When we finally arrived at Flinders Street, we were faced with another wait to get through the ticket barriers.  Some bright spark from Metro (hmm, does Metro employ bright sparks?) has decided to set several barriers to one-way traffic only.  I can see the logic (allowing passengers to enter the station when a wall of passengers is trying to exit it), but Metro has got the balance completely wrong.  There were several ticket barriers standing idle whilst a footy crowd of passengers tried to squeeze through the open gates.  Whatever Metro are trying to do here, it isn't working.

I decided to speak with a Metro staffer to voice my concerns about the new flawed system, hoping that they would take it on board and pass on to management.  In the end I spoke to 3 Metro people.  Here are a noteworthy parts of my discussions.

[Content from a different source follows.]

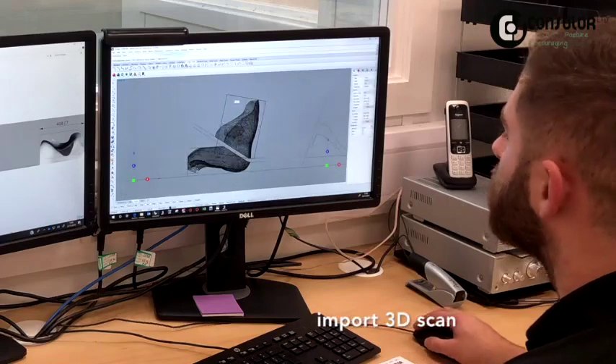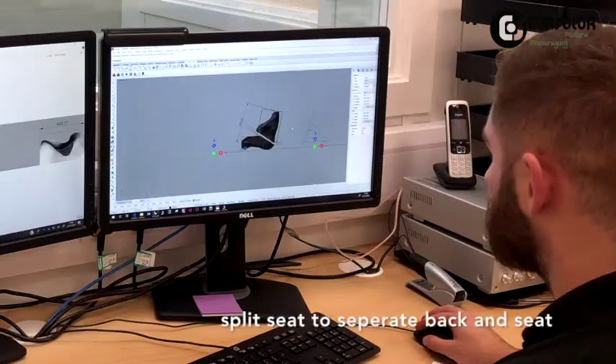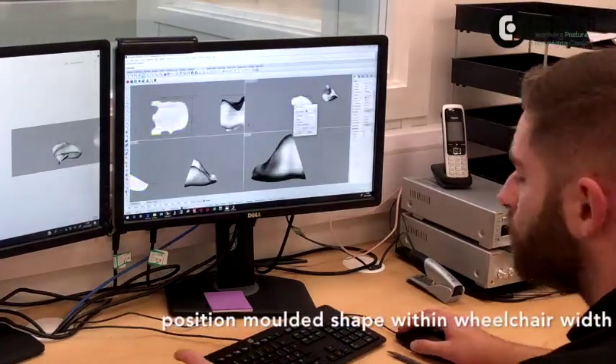We take the scan that was created in clinic from the client's postural assessment and moulding and finish designing the seat. We split the backrest from the seat cushion and program and carve them separately.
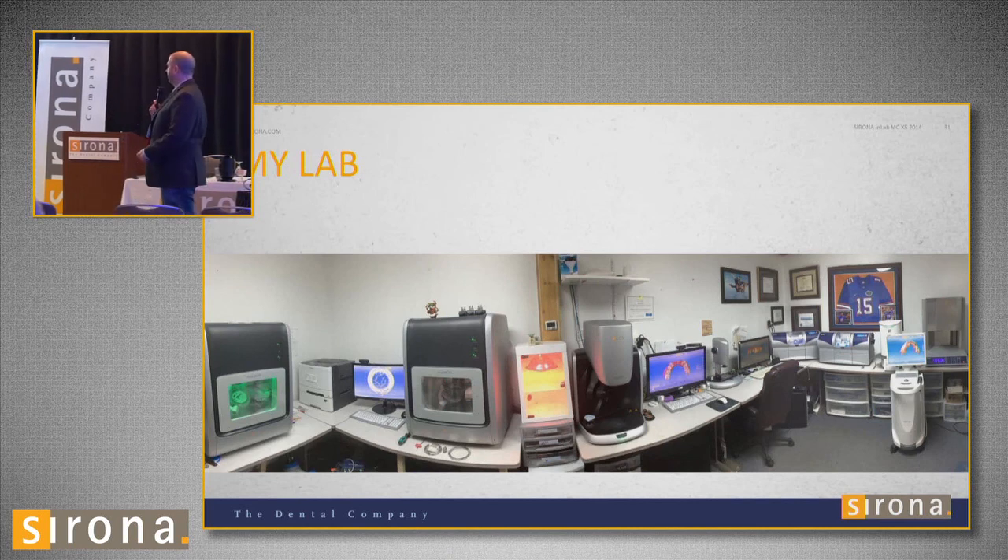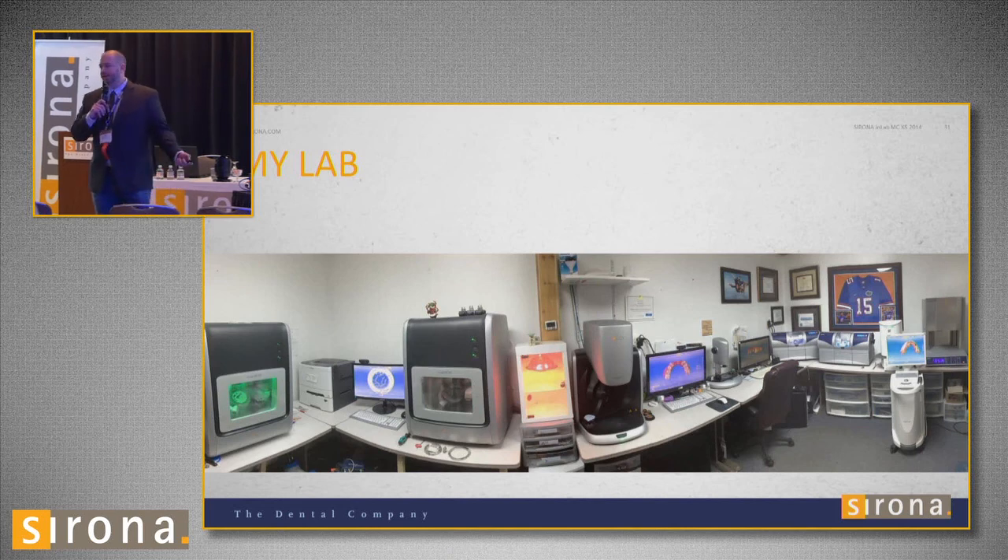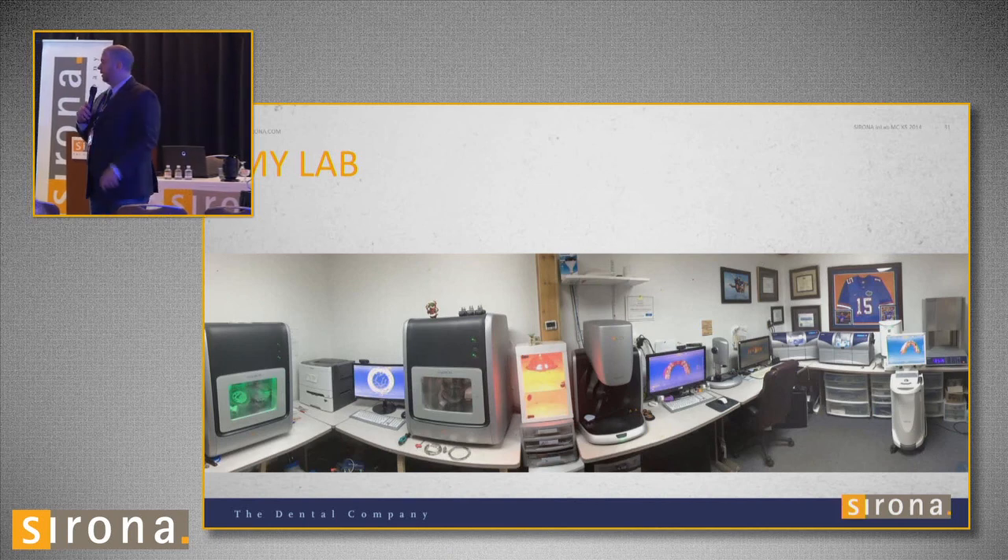Here's my lab — the main heart of it, my cave where I spend most of my time. We have one X5 scanner, an Ineos Blue I haven't used in a couple of years, and I've bought an Omnicam that I take out to train dentists on. That's also how I get Sirona Connect clients — I'll teach them how to use the software and their machine. I also take it to different dental offices and do same-day cases. I have two MCXLs. My MCXLs just mill Emax all day long. I'll never get rid of them because I can mill an Emax in 10 minutes.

Metro Worker 1 (MW1) - "they are experimenting".  Me - "but you agree that it isn't working". MW1 - "I can't comment".  Me - "but it's obvious isn't it - you can see the crowd?". MW1 - "I can't let you through, you'll have to queue up over there."  Me - "I don't want you to let me through, I just want you to acknowledge that it's not working."

I joined the queue.  It was barely moving, and I hate crowds, so I went to the Metro desk in the middle of Flinders Street concourse.

Me - "I'd like to give you some feedback".  MW2 - "I can't take feedback, here is a form, you can email them."  Me - "but i think you need to see this, just look at the crowds trying to get out of the station, the new system isn't working". MW2 - "I can't do anything about it, you'll have to email feedback".  Me (frustrated now) - "but you work for Metro, you can see there is a problem, why can't you give feedback internally?". MW2 - "it's not my job, I'm on a contract".

MW3 - "Yes, I see there is a problem".  (Hooray, finally!).  MW3 - "The problem is that they built a wall here, when they should have put more barriers in." 

At this point, exasperated, I realised that I was wasting my breath and making myself even later for work.  MW3 recognised that there was a problem, but couldn't admit that it was the system that Metro were using. Instead he blamed the wall.  That wall has been there for over 10 years (probably much longer).  I agree that more barriers would be better than the wall, but we need something to hold the roof up.  What we don't need is incompetent Metro management, experimenting with passenger flows during morning rush hours.